MoisesDB is a large-scale, publicly available multitrack dataset developed to advance music source separation research beyond the traditional four-stem paradigm. Comprising 240 stereo songs from 47 distinct artists and spanning 12 high-level genres, MoisesDB addresses the data scarcity that historically limited separation systems to vocals, drums, bass, and "other" stems. Each song includes individually recorded raw audio tracks organized into a two-level hierarchical stem taxonomy, facilitating fine-grained, configurable separation strategies and enabling research at increased stem granularities (Pereira et al., 2023).

1. Dataset Composition

MoisesDB contains 240 stereo songs with a total duration of approximately 14 hours, 24 minutes, and 46 seconds. The dataset encompasses 47 distinct artists across 12 genres including, but not limited to, Rock, Pop, Jazz, Electronic, and Folk. The genre distribution exhibits a power-law characteristic, with a small number of genres accounting for the majority of tracks.

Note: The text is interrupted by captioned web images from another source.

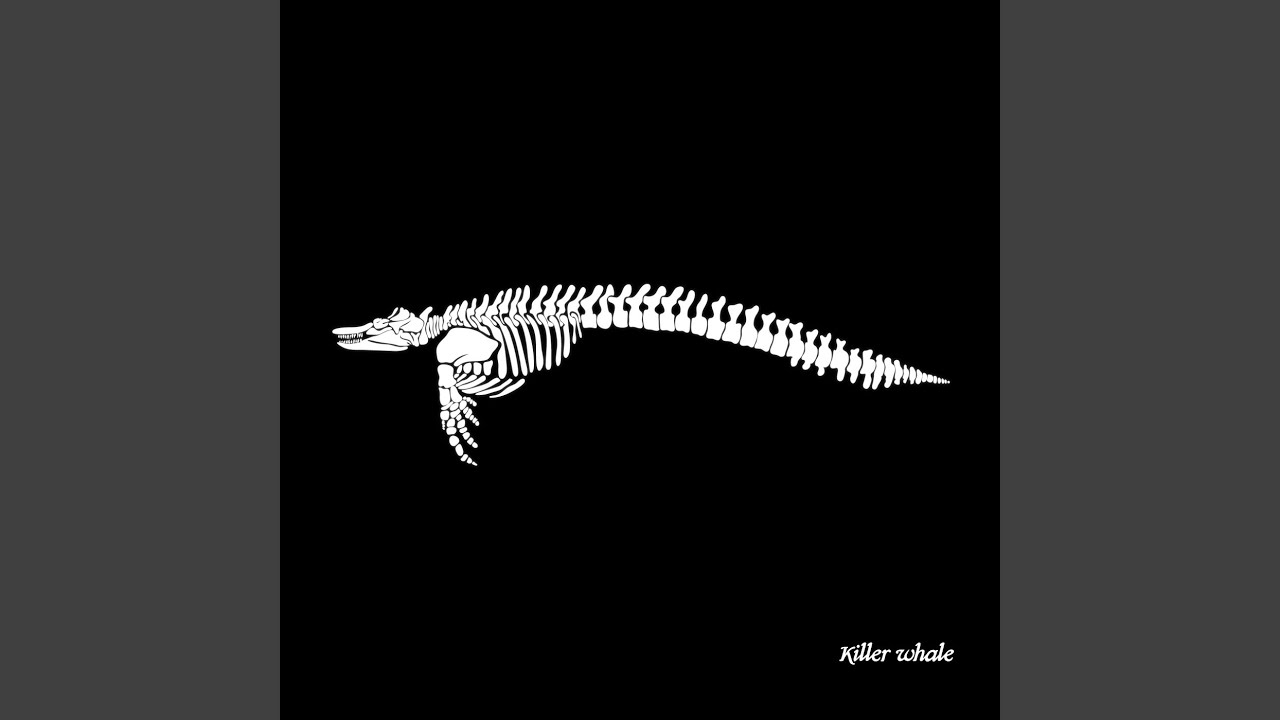 Forgive Your Enemies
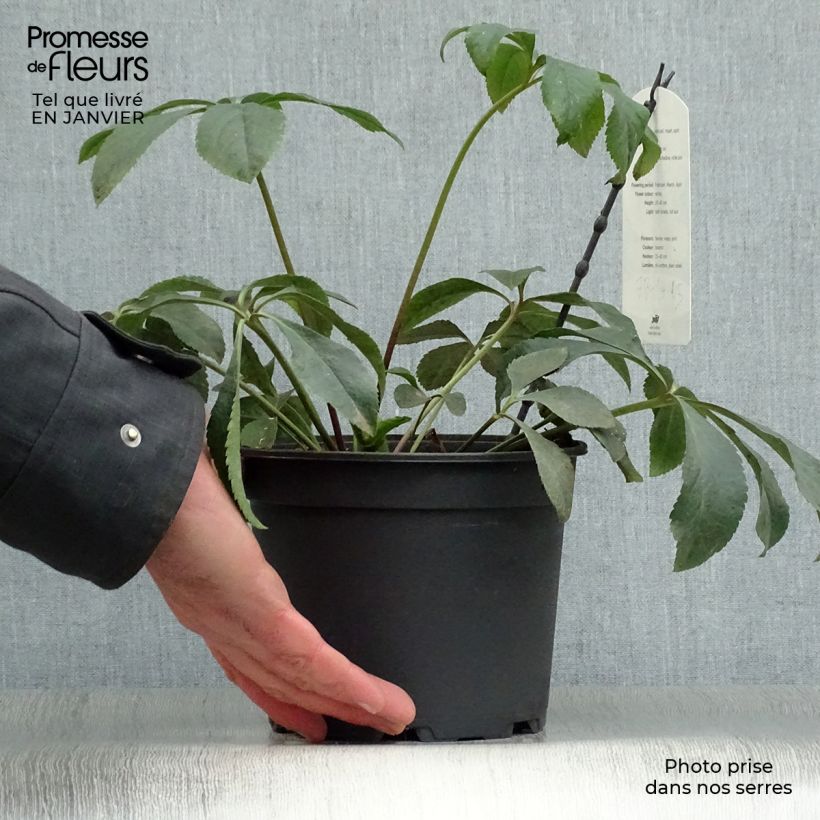 Eléboro oriental Anemone Blanco Maceta 2L/3L Ejemplar entregado en invierno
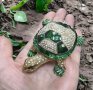 кутия за бижута луксозен сувенир костенурка жаба с камъни украса, снимка 1 - Други - 42080292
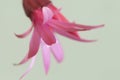 Easter cactus flower on a green background, close up shot Royalty Free Stock Photo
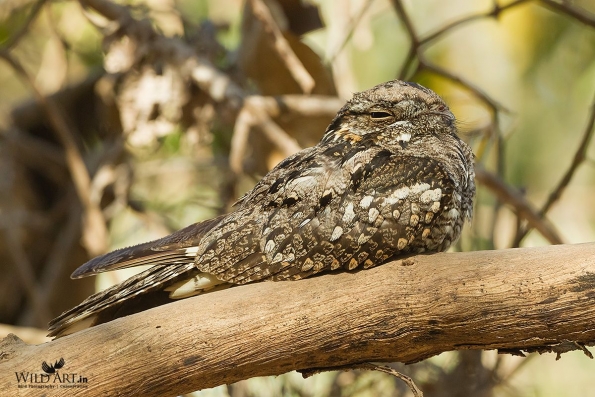 Nightjars (Caprimulgidae)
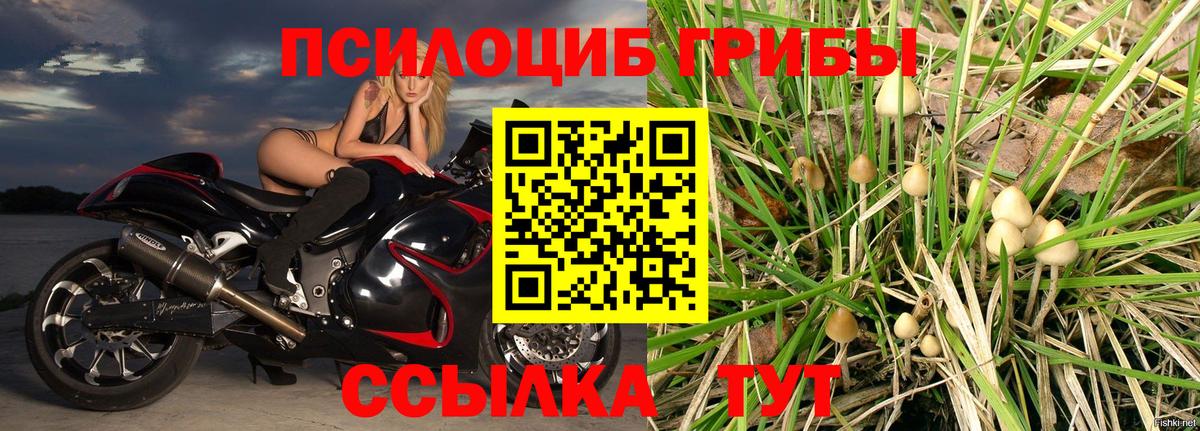 Галлюциногенные грибы Cubensis Борисоглебск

Each song comprises "raw" audio tracks (e.g., snare drum, acoustic guitar, cello), which are semantically grouped into stems per the designated taxonomy. The number of stems per track ranges from three to ten, reflecting the diversity of instrumentation and production styles. "Vocals," "drums," and "bass" stems are present in nearly all songs. In contrast, stems such as "wind" and "other plucked" are comparatively rare. This natural imbalance reproduces real-world catalog characteristics, providing a realistic and challenging environment for source separation systems.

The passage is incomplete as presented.